Foreign investors will have been dismayed to learn that South Korean tax inspectors have raided the Seoul office of French retail group Carrefour following the company's announcement last week that it was selling its Korean operation and withdrawing from the country.

A team of investigators descended on the Seoul headquarters of Carrefour - Korea’s fourth largest retailer - and reportedly confiscated 2.5 tons of documents for a review.

The following day, a Carrefour employee told the national KBS TV network that: "There was an internal broadcast, telling us all to keep our computers on, desk drawers open and leave the office."

It is believed that the tax collectors are looking for evidence that Carrefour allegedly received goods free of charge from subcontractors and in doing so avoided taxes.

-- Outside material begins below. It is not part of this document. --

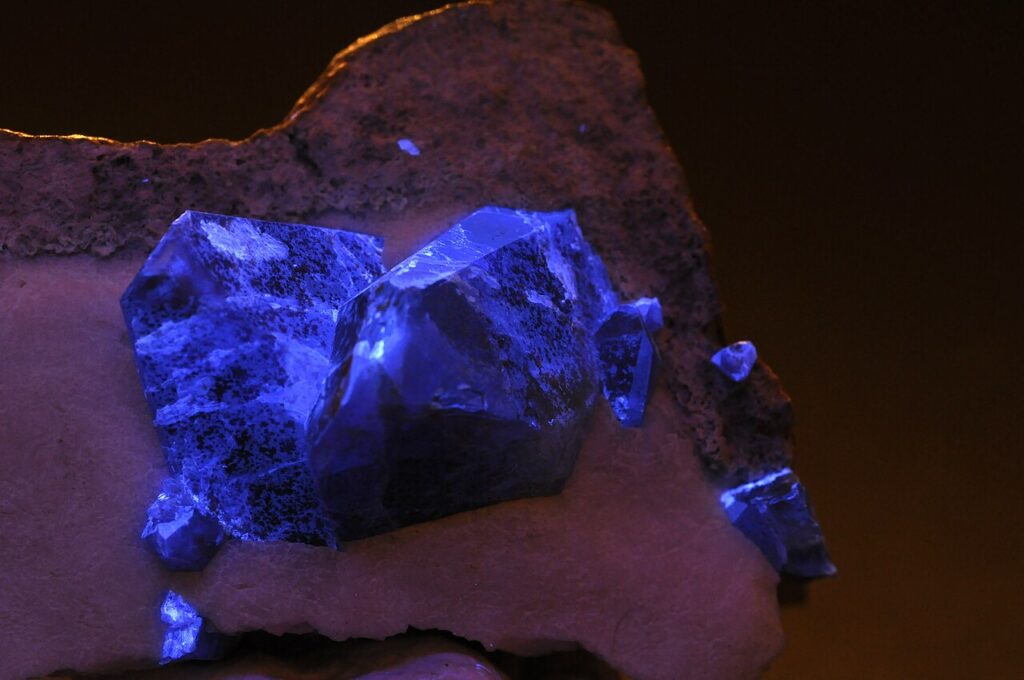 Benitoite crystals fluoresce under ultraviolet light.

Carrefour, which operates 32 hypermarkets and 24 shopping malls in Korea, had ex VAT sales in the country of EUR1,427 million in 2005.

However, the raid came only hours after Carrefour announced the sale of its Korean business for EUR1.5 billion (US$1.9 billion) to E-Land, the fashion retail group.

Carrefour Korea is 80% owned by Carrefour Netherlands BV, while the remainder belongs to Carrefour SA, the French parent company and the tax authorities could be worried that the company will get away with paying no tax on the sale by utilising double taxation avoidance agreements between South Korea, France and the Netherlands.

For its part, Carrefour says that the divestment of its Korean operation is part of a wider effort to withdraw from insufficiently profitable or non-core activities.

Carrefour Korea CEO Philip Brollanigo also told reporters on Friday that the tax authorities were carrying out a routine audit and that the company intended to pay all its taxes in accordance with Korean law.

An increasing number of foreign companies have been put under the spotlight recently for alleged tax crimes, most notably US funds Lone Star and Newbridge Capital. Last month, the Seoul Metropolitan Government also revealed that it is investigating 66 foreign-owned companies out of a total of 126 that have conducted large-scale real estate transactions since 1998. Among the companies under suspicion of avoiding taxes under this probe is the Government of Singapore Investment Corporation (GIC), the asset management arm of the Singapore government.

However, despite the growing perception that the Korean tax authorities are carrying out a witch hunt against profiteering foreign investors, Vice Minister of Finance and Economy Kwon Tae-shin has insisted that the government welcomes foreign investment.

"Recently, some investors have mistakenly suggested that we are pursuing anti-foreign investment policies," Mr Kwon told an investment conference in April.

He added: "Quite to the contrary, I can say with full confidence the government is committed to providing a level playing field for all companies regardless of nationality."